I’ve had quite an interest in MIT since I heard that they put all their lectures, etc. online (on YouTube, etc. under Creative Commons licences), something that is resisted by many an academic… and have found that it has increased interest in their courses. Here, Times Higher Education looks at their Media Lab…

Joichi Ito does not have the kind of background that would normally catch the eye of an appointment committee searching for someone to head a prestigious university research lab. To start with, he is not an academic – he is an internet entrepreneur, a venture capitalist and a former disc jockey. And, if that were not enough against him, he dropped out of university. Twice.

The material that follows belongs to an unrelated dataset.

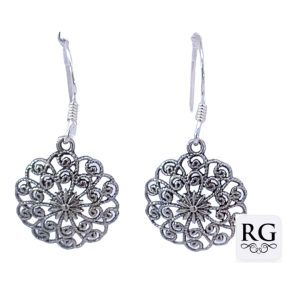 925 OXI MILLGRAIN LACE RND DROP EAR - 30X14 - 1.8g <br/>M12839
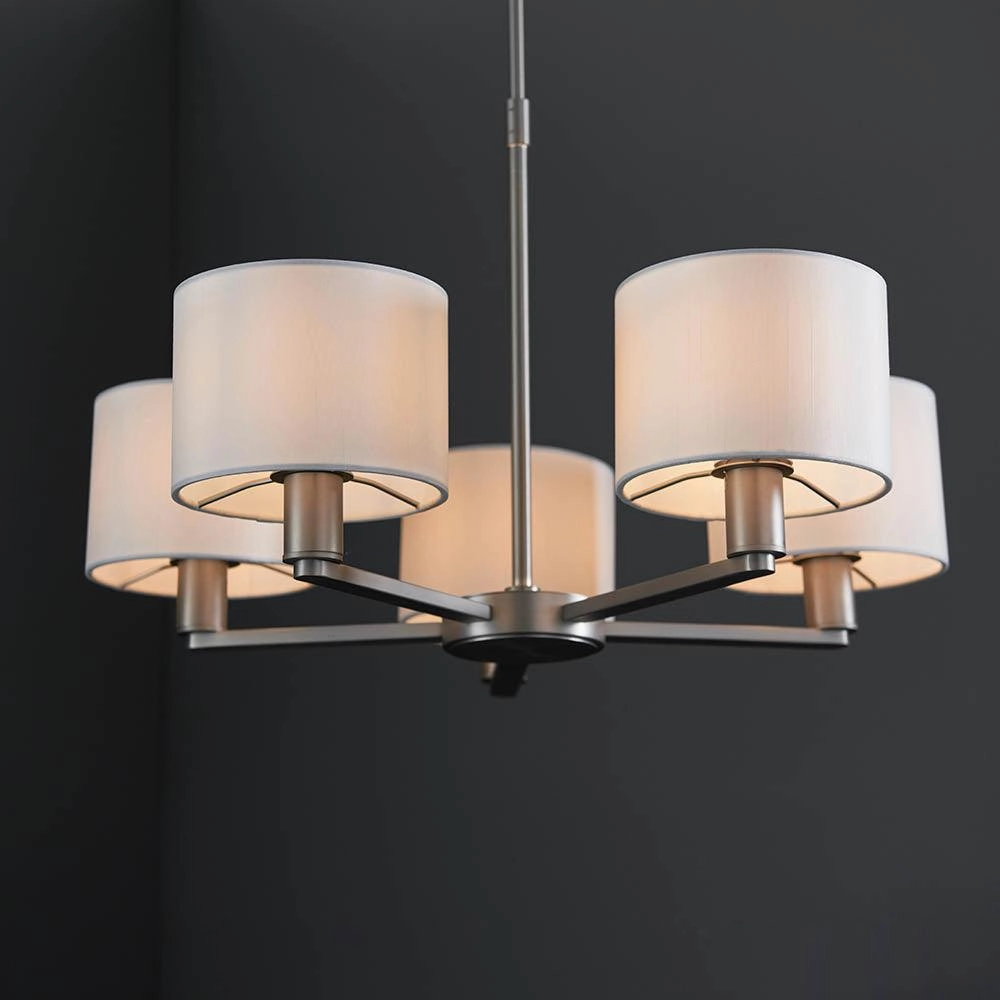 Endon Daley 5 Light Nickel Finish Ceiling Pendant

But not every lab is like the Media Lab at the Massachusetts Institute of Technology. The lab in Cambridge, Massachusetts, which turned 25 last year, is world famous for its “renegade” research environment and creative and wacky projects that combine design with cutting-edge technology. It is responsible for, among other things, the electronic ink technology that e-readers use to simulate printed paper; for Guitar Hero, the hit video game in which players simulate playing the guitar in rock songs; for Lego Mindstorms robotics building kits and for the XO-1 laptop, a budget computer designed to be distributed to children in developing countries around the world as part of the One Laptop per Child project.

Nicholas Negroponte set up the Media Lab to explore human-machine interaction and the life-enhancing possibilities of new technology. He led it from its start until he stepped down as director in 2000. Ito, who took over in September, is the third person to head the lab since the departure of its founder; he took the reins from Frank Moss, professor of the practice of media arts and sciences at MIT.

“I was surprised as well,” Ito says of his appointment. The 45-year-old, who recently served as chief executive of the open licensing technology non-profit organisation Creative Commons, was an early investor in more than 40 technology start-ups, including Twitter and Flickr. But he admits that, until now, his experience of universities “hadn’t been great”.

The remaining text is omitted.